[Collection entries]
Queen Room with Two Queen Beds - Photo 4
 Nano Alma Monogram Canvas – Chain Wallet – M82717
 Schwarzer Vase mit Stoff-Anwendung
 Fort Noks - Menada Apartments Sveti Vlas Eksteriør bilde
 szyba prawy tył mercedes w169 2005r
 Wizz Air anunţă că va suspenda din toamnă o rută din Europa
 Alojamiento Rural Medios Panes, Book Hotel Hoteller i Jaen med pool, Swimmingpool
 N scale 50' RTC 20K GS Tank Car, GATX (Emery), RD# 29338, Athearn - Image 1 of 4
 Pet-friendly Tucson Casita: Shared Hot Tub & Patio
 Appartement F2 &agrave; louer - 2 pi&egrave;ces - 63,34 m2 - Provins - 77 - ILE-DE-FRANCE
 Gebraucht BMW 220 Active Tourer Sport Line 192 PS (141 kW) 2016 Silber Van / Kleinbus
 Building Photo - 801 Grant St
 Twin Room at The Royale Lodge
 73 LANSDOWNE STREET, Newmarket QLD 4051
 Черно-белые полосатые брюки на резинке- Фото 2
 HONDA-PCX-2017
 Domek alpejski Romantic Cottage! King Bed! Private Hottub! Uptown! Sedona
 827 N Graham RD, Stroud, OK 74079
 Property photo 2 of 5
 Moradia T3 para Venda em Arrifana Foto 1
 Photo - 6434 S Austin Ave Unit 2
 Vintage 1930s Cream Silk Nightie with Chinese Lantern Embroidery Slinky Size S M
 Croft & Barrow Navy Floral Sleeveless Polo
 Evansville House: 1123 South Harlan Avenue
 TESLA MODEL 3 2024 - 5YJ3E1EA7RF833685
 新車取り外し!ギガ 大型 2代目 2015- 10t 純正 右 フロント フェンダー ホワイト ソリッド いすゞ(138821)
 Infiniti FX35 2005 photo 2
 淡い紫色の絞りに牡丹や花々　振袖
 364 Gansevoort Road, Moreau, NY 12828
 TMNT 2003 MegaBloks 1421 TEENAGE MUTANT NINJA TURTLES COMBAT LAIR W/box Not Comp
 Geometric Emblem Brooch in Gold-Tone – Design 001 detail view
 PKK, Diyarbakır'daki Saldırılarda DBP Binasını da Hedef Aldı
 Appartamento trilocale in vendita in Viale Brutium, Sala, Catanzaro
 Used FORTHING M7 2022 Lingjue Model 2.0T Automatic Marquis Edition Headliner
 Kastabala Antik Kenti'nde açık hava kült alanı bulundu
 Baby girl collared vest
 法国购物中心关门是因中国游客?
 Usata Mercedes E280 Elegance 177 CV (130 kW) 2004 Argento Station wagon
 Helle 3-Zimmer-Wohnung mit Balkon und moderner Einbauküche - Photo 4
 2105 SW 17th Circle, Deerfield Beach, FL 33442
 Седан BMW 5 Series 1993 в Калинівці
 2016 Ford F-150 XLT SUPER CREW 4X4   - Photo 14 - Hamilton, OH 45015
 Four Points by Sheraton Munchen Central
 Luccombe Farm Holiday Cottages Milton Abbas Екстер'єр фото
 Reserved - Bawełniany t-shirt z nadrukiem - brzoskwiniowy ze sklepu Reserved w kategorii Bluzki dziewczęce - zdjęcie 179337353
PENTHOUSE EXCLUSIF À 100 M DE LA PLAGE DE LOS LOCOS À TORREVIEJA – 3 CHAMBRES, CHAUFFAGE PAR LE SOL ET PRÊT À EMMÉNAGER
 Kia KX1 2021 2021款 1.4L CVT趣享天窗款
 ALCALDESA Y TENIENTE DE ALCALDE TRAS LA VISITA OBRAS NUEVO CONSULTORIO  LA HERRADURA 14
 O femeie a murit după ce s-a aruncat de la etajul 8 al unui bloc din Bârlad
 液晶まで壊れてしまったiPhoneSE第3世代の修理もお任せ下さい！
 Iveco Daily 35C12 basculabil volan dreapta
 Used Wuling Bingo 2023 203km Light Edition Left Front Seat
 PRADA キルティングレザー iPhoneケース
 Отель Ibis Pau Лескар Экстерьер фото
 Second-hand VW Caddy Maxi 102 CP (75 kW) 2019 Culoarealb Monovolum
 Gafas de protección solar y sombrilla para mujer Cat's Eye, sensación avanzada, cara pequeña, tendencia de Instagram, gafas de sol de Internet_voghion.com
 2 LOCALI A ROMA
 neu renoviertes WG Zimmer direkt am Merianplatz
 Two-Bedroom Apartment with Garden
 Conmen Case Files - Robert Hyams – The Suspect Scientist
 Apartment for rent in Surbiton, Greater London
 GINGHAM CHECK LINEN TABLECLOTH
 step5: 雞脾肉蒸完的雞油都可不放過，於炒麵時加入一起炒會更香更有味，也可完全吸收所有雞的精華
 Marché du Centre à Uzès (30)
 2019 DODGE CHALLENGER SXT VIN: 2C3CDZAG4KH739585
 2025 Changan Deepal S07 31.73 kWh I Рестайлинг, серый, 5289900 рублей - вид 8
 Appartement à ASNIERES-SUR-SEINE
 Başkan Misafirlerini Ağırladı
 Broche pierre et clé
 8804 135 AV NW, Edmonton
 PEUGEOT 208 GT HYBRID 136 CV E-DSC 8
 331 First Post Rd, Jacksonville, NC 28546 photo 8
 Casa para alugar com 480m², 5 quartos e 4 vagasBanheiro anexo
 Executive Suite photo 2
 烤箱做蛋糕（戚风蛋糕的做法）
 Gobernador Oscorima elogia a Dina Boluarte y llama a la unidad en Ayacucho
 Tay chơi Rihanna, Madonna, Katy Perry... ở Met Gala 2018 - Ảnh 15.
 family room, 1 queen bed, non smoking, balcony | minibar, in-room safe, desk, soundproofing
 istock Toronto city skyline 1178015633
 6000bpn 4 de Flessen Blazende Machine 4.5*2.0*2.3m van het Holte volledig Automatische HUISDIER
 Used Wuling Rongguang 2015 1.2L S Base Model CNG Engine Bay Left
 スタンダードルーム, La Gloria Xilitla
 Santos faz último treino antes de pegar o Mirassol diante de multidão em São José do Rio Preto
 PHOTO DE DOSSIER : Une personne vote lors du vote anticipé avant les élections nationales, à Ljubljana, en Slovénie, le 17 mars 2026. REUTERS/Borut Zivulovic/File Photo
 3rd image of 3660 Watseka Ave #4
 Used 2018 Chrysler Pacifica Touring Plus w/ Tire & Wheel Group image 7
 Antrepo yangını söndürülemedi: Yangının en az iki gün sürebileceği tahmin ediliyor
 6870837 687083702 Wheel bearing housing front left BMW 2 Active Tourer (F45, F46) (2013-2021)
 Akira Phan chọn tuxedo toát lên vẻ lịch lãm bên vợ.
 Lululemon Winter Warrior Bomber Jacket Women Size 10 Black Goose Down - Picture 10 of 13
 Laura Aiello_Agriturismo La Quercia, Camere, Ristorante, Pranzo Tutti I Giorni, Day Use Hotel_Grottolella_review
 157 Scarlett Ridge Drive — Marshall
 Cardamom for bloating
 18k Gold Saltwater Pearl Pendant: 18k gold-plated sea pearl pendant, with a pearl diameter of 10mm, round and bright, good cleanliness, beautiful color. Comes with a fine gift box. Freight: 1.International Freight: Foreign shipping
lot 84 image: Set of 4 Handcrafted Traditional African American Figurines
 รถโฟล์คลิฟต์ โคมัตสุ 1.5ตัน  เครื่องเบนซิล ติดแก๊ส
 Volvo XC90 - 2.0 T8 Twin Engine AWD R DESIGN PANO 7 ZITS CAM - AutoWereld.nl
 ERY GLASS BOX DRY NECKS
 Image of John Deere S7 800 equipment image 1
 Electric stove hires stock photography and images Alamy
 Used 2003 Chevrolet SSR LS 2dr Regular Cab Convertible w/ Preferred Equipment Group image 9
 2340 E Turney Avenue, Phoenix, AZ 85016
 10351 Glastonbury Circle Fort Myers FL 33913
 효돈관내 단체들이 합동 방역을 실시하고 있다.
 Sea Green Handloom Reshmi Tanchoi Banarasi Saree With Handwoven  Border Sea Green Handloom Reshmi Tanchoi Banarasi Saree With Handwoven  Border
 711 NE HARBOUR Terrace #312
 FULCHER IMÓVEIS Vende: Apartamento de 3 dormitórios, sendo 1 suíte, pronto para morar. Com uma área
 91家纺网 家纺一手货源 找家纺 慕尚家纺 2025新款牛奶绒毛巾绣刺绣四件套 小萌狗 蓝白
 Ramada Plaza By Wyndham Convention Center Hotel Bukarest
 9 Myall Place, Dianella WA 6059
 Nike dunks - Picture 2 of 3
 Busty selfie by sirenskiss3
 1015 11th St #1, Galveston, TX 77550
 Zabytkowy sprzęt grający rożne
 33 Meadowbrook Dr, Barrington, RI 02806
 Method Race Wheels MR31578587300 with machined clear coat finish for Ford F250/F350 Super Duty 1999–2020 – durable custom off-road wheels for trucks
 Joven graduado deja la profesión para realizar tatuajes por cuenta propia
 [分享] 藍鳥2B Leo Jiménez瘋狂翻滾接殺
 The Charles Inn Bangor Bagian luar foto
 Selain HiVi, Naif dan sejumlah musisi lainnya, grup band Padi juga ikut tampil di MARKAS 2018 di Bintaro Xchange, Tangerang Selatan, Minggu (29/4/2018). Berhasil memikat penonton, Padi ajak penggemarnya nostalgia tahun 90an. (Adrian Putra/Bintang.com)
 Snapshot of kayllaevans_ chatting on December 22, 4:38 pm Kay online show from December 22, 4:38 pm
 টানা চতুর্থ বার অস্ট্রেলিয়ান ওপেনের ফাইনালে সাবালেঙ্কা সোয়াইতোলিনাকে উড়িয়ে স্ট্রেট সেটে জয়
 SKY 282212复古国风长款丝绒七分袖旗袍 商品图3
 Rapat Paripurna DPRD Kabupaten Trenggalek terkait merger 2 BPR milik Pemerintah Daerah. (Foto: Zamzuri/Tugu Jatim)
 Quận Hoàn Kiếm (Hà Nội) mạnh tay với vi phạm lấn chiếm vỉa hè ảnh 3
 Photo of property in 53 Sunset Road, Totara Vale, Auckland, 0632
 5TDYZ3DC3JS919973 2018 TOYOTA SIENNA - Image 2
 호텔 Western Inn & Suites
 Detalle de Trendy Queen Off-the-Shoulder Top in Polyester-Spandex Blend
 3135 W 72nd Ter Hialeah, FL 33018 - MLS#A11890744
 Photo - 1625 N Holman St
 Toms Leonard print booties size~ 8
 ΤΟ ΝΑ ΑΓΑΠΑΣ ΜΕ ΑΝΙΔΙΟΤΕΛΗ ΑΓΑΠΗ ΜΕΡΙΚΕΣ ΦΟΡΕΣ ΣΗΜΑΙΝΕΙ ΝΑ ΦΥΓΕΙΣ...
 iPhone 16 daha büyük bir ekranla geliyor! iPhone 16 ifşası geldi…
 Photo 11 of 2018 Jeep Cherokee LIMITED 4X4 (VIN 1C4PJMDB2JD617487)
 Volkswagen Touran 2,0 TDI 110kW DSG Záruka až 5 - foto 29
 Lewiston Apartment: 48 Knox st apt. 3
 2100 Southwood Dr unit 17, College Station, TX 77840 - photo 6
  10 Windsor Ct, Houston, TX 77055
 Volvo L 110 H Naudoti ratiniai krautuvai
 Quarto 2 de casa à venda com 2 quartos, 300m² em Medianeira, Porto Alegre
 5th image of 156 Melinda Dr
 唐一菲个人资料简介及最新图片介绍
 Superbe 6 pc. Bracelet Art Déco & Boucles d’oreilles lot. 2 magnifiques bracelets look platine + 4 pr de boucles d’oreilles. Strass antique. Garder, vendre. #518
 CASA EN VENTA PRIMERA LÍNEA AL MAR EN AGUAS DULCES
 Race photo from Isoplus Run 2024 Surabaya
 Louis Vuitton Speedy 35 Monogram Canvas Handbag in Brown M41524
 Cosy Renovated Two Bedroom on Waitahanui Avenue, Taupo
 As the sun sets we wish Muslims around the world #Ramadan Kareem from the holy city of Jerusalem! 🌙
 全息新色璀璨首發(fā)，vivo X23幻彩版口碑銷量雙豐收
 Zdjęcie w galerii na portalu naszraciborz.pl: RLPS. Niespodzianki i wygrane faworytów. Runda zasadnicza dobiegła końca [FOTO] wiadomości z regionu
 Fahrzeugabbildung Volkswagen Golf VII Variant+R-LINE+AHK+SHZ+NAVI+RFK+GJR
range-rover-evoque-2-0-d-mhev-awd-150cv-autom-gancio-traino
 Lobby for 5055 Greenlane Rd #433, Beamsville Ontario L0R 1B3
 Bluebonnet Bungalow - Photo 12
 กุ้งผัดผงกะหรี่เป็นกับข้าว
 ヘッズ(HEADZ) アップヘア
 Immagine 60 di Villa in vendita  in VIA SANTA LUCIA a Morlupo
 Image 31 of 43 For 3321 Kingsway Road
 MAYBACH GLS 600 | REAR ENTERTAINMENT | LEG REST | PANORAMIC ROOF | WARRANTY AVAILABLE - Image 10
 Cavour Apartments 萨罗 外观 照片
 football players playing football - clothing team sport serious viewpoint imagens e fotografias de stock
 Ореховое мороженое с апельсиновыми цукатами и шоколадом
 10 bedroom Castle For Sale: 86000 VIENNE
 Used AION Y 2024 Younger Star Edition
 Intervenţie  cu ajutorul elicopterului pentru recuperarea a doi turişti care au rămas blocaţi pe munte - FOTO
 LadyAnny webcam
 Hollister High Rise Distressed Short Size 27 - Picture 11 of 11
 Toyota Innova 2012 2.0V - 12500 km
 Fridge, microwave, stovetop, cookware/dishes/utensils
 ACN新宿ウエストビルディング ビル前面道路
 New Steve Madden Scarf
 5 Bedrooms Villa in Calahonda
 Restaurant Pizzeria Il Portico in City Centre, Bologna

- Aim of the task
Find the lines above with the word "Villa". Copy them out.

- Solution to this task
 Immagine 60 di Villa in vendita  in VIA SANTA LUCIA a Morlupo
 5 Bedrooms Villa in Calahonda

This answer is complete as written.